A Pilot, a Judge, a Friend …
Helmut Stas, a long-time member of the aerobatic community, alternate delegate of Poland to CIVA, an aerobatic competitor, judge, and chief judge died on 30 June 2009 after a long illness. Most of us last saw Helmut at the CIVA plenary meeting in Salzburg, Austria in October 2008.
Helmut Stas was born in Jelowa, Poland on 23 February 1938 and was immediately attracted to aviation as a young boy. Like so many young people, his first activities were in aeromodeling and then with gliders. At age 17, he began flying gliders in Gilwice. Later in that same city, he learned to fly powered airplanes and began taking part in various championships, ultimately winning the Polish National Championships in 1972 in Bielsko-Biala. His first World Championships as a pilot was the 1968 WAC in Magdeburg, German Democratic Republic. He went on to fly at Hullavington, United Kingdom in 1970 and Salon de Provence, France in 1972. In 1974, Helmut’s life was forever changed when he was performing a “mirror formation” routine with another Polish Team member, Pawel Pawlek in two Zlin 526AFS’s. During a formation loop, the aircraft became too close and Helmut lost his left arm in the collision. As Annette Carson says in her book “Flight Fantastic”: Helmut’s personal loss as a pilot was to be the gain of aerobatics a sport, for he took up judging in 1976 and has since become Poland’s foremost International Judge.” Annette’s book was published in 1986 and not only was Helmut Poland’s foremost Judge at that time, in subsequent years he became one of the leaders in judging in the FAI and CIVA family.

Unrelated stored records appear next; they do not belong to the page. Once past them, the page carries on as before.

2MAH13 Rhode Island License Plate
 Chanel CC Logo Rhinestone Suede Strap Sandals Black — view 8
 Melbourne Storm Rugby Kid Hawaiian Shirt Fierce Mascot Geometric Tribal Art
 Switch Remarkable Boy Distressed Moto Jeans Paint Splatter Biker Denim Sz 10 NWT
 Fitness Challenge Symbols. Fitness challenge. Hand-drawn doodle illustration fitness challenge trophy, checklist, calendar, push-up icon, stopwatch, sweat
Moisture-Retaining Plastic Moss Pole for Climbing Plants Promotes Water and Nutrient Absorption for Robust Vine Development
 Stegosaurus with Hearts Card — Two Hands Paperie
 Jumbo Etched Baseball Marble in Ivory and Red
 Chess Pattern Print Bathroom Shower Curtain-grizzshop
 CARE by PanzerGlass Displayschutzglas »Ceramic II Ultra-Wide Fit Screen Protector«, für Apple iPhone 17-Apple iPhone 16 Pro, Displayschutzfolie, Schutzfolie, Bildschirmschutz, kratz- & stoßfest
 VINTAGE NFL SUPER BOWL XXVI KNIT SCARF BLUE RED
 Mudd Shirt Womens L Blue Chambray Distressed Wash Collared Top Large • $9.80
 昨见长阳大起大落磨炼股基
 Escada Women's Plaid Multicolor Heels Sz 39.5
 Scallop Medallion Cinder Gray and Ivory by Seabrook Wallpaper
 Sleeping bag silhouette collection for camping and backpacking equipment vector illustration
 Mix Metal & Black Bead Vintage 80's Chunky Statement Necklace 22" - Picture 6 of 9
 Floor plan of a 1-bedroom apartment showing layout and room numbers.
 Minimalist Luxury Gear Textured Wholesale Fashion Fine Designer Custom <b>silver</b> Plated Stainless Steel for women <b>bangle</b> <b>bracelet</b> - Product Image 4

Undoubtedly, Helmut had the most extensive CV in judging on the FAI scene of anyone who ever lived. Along the way, he also served as Contest Director at FAI Championships as well, heading up the EGAC in Radom, Poland in 2008. At European Glider Aerobatic Championships, he served as Chief Judge or Jury member at competitions in Italy, Hungary, Poland, France, Germany, and the Czech Republic. At European Aerobatic Championships in Unlimited Power, he served as a Judge or Jury member in the Czech Republic, Austria, and Spain. At World Glider Aerobatic Championships, he served as Chief Judge, or Jury member at competitions in Austria, Poland, Germany, Netherlands, France, Hungary, and Russia. He was present as a Chief Judge or Jury member at the first two World Air Games in Turkey and Spain. At World Aerobatic Championships in Unlimited Power, he was an Assistant Judge starting in Kiev, USSR in 1976 and subsequently served as Chief Judge, Judge, or Jury member in subsequent WAC’s in the Czech Republic, Hungary, United Kingdom, Switzerland, Hungary, and the USA. Finally, Helmut also supported the new “Advanced” category when it first appeared on the scene and subsequently served as Jury member at the AWAC’s held in the USA and Germany. He was Assistant Chief Judge at the AWAC in Poland in 2006.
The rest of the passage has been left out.